Please Stop with These Old Photos

it’s too much pain to view them in my brain
the brain hungry the eyes always feed it

processes everything as sadness I eat the cosmos
with sight yet fixate on what I have

lost everything a miracle of blood and dust
around me and in the fog I loop December

nights with the dull orange parking lot lights
we walked under to get home and in my hand

there are snapshots of us holding hands
everywhere in the known universe!


(originally published in New Pop Lit, Summer 2020)

You Only Post on Instagram When in Other Countries

Swiss mountains, Chilean volcanoes, a beach in Vancouver–
currently, my hands grip a steering wheel. In the passenger

seat is a black bag. Inside, a paper bag. Inside, a salad, or
sandwich, or scone, or soup. The bread is probably hard

as stone. I scroll your travels from the safety of a stoplight.
I am far from the only wanderlust trapped in the confines

of a tipped job. I’d drive my Ford into the ocean. Sink into
the Atlantic and arrive somewhere you haven’t heard of.

 

(originally published in Lines + Stars, Spring 2019)

Cardinals

Cold fronts enter spring, but cardinals
sing their frigid songs despite soft snow.

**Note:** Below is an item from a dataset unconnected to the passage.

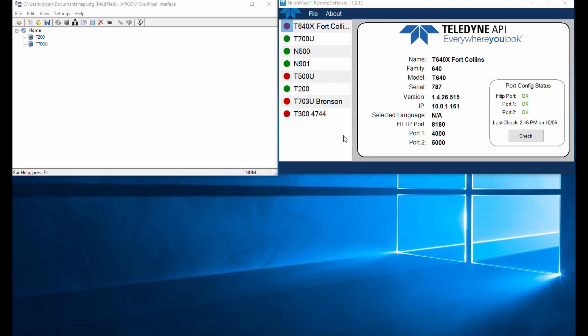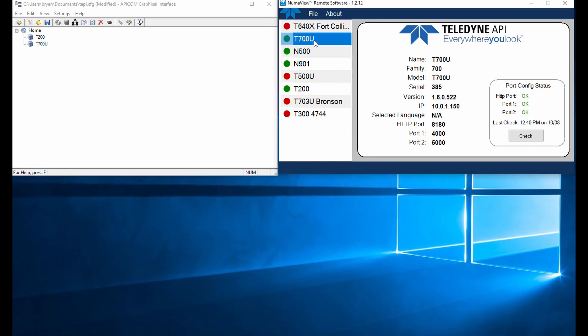So I'm going to step you through kind of a workaround for that. On the left here, I've got our legacy remote software called Apicom running. And on the right, we've got the newer Numaview remote software for our Numaview instruments running. In both of those cases, I've got the T700U set up here. You can see it's on .150 on my LAN. It's just running in the other room here.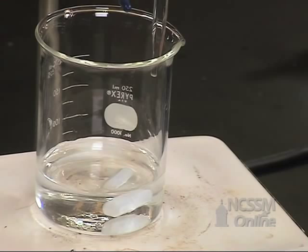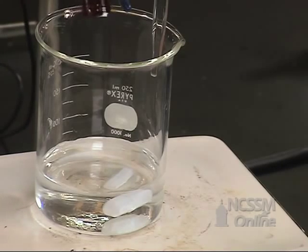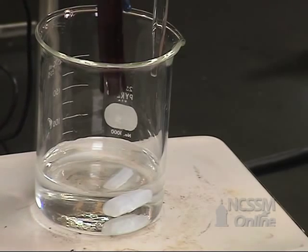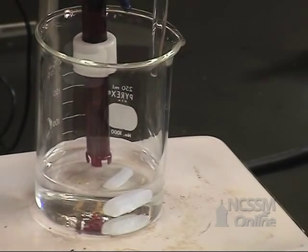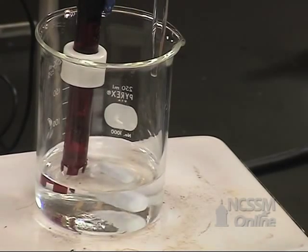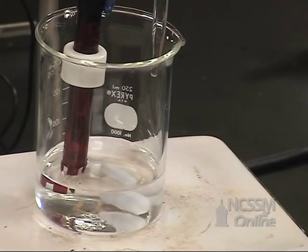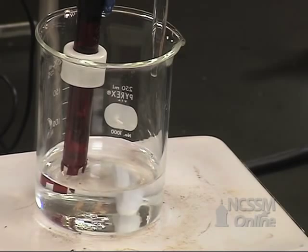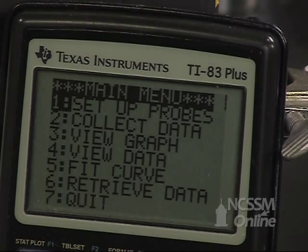We're going to place our calibrated pH electrode into the solution. We're going to gently stir the solution — we want to be careful that the stir bar does not hit the electrode. We've already calibrated the probe, so we're ready to collect data.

Red lips still curl over the sidewalk’s cigarettes
but warmth dissipates when smoke leaves the body.

Pale hands reach from corners of blurry photographs–
push through crowds of these-were-my-lovers

tines of bright puncture darkness. Negative dust
turns to light: the telescope observed your eyes

wandering the dark. Believe the perched cardinal
is lost love thinking of you who sculpts the moon

out of papier-mâché– scope the abyss for stars
but smell the art’s silver crumble on your skin.